The 3 characters are different enough that the levels mostly need to be designed around each of their abilities. There will be a bit of cross-over though -- for example, when you've finished the game, you can go back and play the rogue-like section with the robot.
For sure -- it will be possible to change the size of custom characters. It's just something the current set-up doesn't support yet. I'll be able to make it more easily around the same time as custom monsters (the player will also be internally represented as a custom monster, kind of).
It probably won't be possible to create non-cubeoid monsters without breaking them into segments. I'm still entertaining the possibility of voxel-perfect collisions for monsters, but it looks to be more trouble than it's worth.
I haven't thought that far ahead in terms of open sourcing Voxatron, but it's definitely an option. I also have a mechanism in place to open source my projects in case I get hit by a big yellow bus.
I'm hesitant to develop the story side of things too much because it puts a constraint on what the player can do. For example, if the monsters in the alpha demo world had any kind of back-story, there needs to be a clear motivation why you should run around slaughtering all of them indiscriminately. Instead, I think it's nice just to leave it unasked, and let the robot blast monsters, because they're monsters and that's how robots roll.
So that's what I mean by 'fairy-tale excuses'. The story gives just enough thematic context without cutting out possibilities for various game-play scenarios. There are a couple of moments in the game that I hope will a bit touching though.
I'll get everyone from the humble bundles registered with Lexaloffle accounts before 0.1.8.
good to hear an update, I really like the idea of adventure mode and roguelike modes. Cant wait tell this game get scripting to get implemented. You will be implementing scripting for levels to right? So later on people can make really cool mods/levels that are rpg or turnbased rpg and other stuff? I know thats a long ways off but is that what you are planning to be able to do in the editor?
Also do you think people will ever be able to create there on weapons and items using scripts and objects?
The scripting I have planned is flexible enough to make new weapons, new game rules and even make a completely different type of game. Hopefully it will become a kind of general voxel game-maker.
By the way, that's something the scripting can be used for -- pre-generating room data at edit-time, or perhaps run-time when a room is entered. I probably won't add tools as specific as pre-calculating sand positions but that's the kind of thing that could be added nicely as a scripted module. It also means people can make their own tools for doing things like building architectural features or growing variations of plants more easily.
Python is still a contender. It might be a little too heavy and tricky to handle forced fixed point number representation.
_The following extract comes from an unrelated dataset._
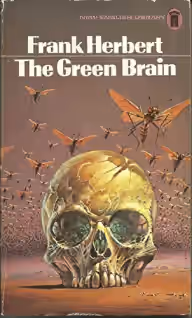 Cover of The Green Brain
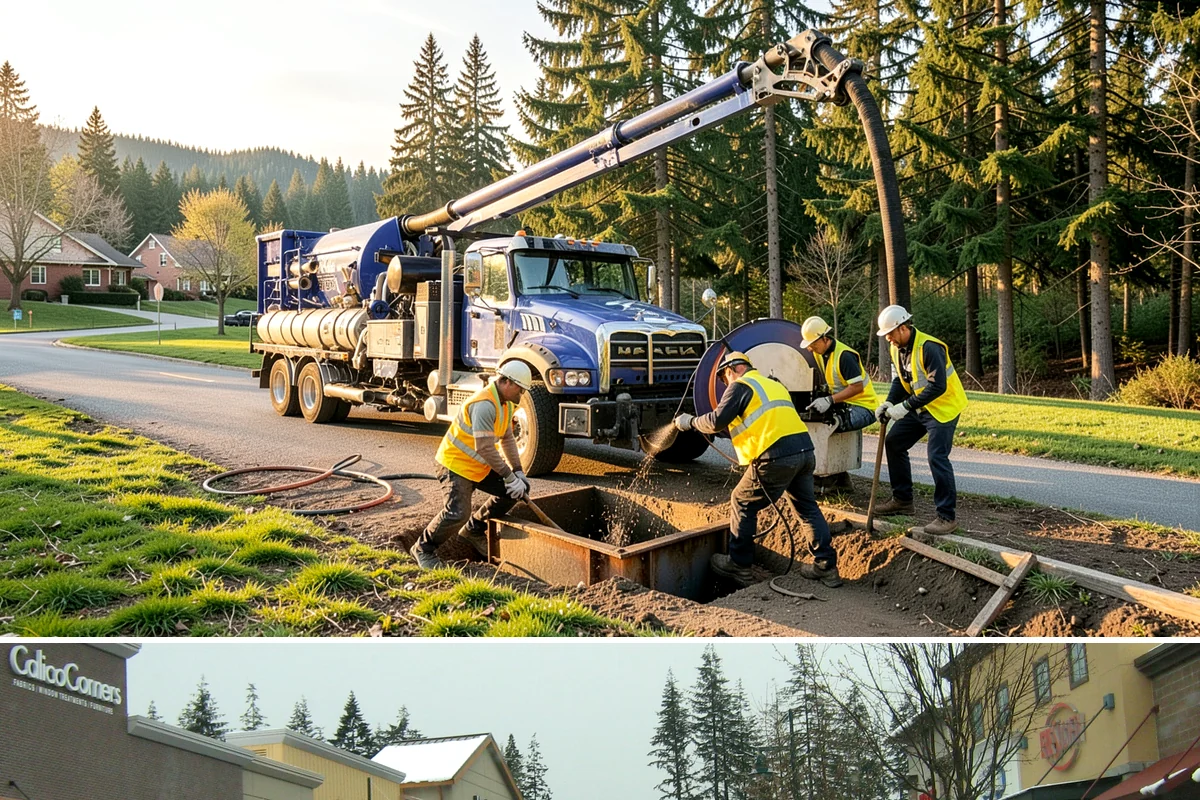 Sign Replacement in Mill Creek, Snohomish County, WA - Retroreflectivity fades year-round, so replacement cycles run in every season, with larger batch orders often scheduled after...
I'll have to try both out with real cases to see how they perform & feel (but this will happen much later).
I hope the bouncy voxels don't just allow to jump higher, but bounce projectiles as well. This could be used to place them on borders of a room. A very effective player strategy is to stay near the border or corner of a room and just dodge missiles. If they bounced behind your back, it would get tricky !
If negative voxels end up being implemented, I DEMAND a Portable Hole power-up ! Not a Portal ripoff, rather a device similar to what you might see in cartoons. You pick it up like a piece of fabric and put it on a wall. Once on the other side, you can pick it up like an ordinary item. As a bonus, it would allow player to pass through indestructible voxels.
By the way, I've seen someone using red letters on this "forum". How is it done ? [color=red]blah[/color] doesn't work.